Sharpshooting the Shale
Dallas-based Pioneer Natural Resources Co. has been the talk of the Eagle Ford of late, with completion of its Robert Crawley Gas Unit #1 in Live Oak County. The well, east of Petrohawk Energy Corp.'s Hawkville Field, was recently completed for 17 million cubic feet per day, the highest rate yet announced in the shale.
Pioneer's 310,000 acres prospective for the shale are spread across the margin of the Edwards shelf. The Crawley is the company's third horizontal Eagle Ford well; its first was the #1 Friedrichs Gas Unit, in DeWitt County. "We did not get a proper completion in the Friedrichs," says Tim Dove, president and chief operating officer. "The horizontal section was not properly situated within the pay zone, so only a couple of frac stages were successful." Nonetheless, the well initialed at 2.7 million cubic feet of gas and 160 barrels of condensate per day from a partial completion.
"We then focused on getting a successful well down, both to prove up the area and to show Pioneer could get these wells down technically, and on budget and on time," says Dove.
The company's second test was much more satisfying. Pioneer moved southwest to its Live Oak County acreage holdings and drilled the Sinor #5. That test flowed 8.3 million cubic feet of gas and 500 barrels of condensate per day, firmly in the liquids-rich slice of the shale play.
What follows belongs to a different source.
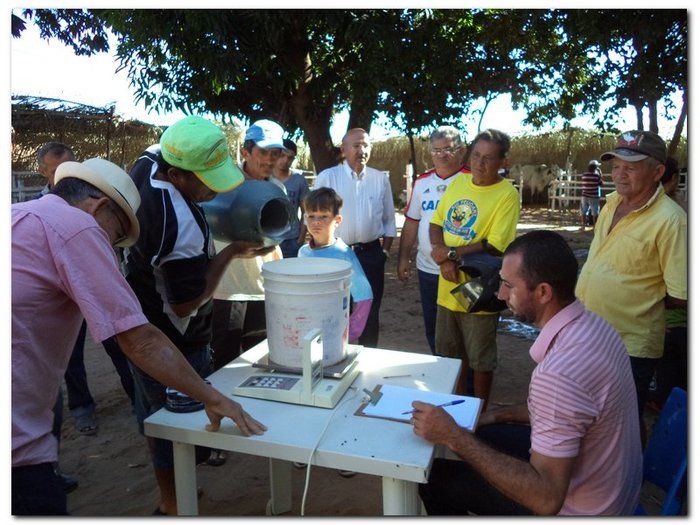 Comemoração 61 anos de Inhuma- Concurso Gado Leiteiro e Show João Cláudio Moreno - Imagem 9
Its 2,600-foot lateral was fractured in nine stages.
"We were able to see a substantial amount of condensate in the well, and liquids-rich gas," says Dove. Given today's oil and gas prices, Pioneer was quite encouraged by the economic implications. Indeed, the liquid component of the Sinor, both in condensate and natural gas liquids, boosts its revenue to the equivalent of a 19.3-million-per-day dry gas well.
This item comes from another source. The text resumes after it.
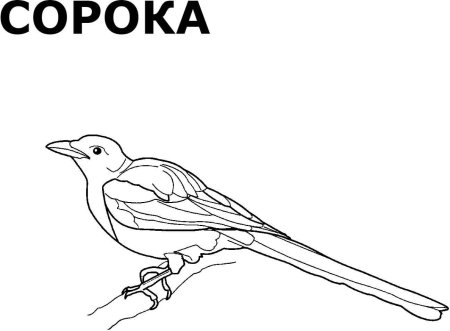 Раскраска птицы сорока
Next, at a location three miles south and downdip of the Sinor #5, the Crawley #1 was tested at 17 million a day on a 24/64-inch choke with 7,300 psi wellhead flowing pressure. The Eagle Ford was encountered 1,000 feet deeper than in the Sinor, and was firmly in the dry gas window. The Crawley was completed in a 5,400-foot lateral with a 16-stage fracture stimulation.
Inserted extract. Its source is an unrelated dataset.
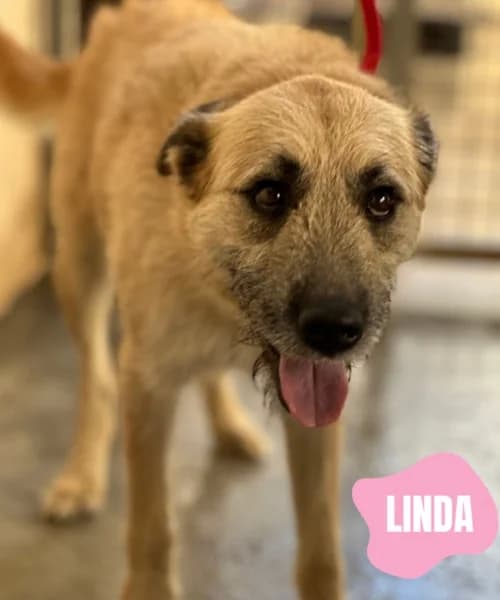 Linda, female 3yo Mixed Breed for adoption at Caminando Con Ellos Anguimar, Murcia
"We believe the Crawley to be the highest-rate gas well yet drilled in the Eagle Ford shale," he says. "It was very encouraging and highly economic." The company now has a two-rig horizontal campaign under way to assess resource potential across its acreage, which can be split into three areas, depending on the liquids content of the shale. The Eagle Ford play grades from oil to gas/condensate to dry gas in the dip direction—from the northwest to the southeast—across its extensive trend.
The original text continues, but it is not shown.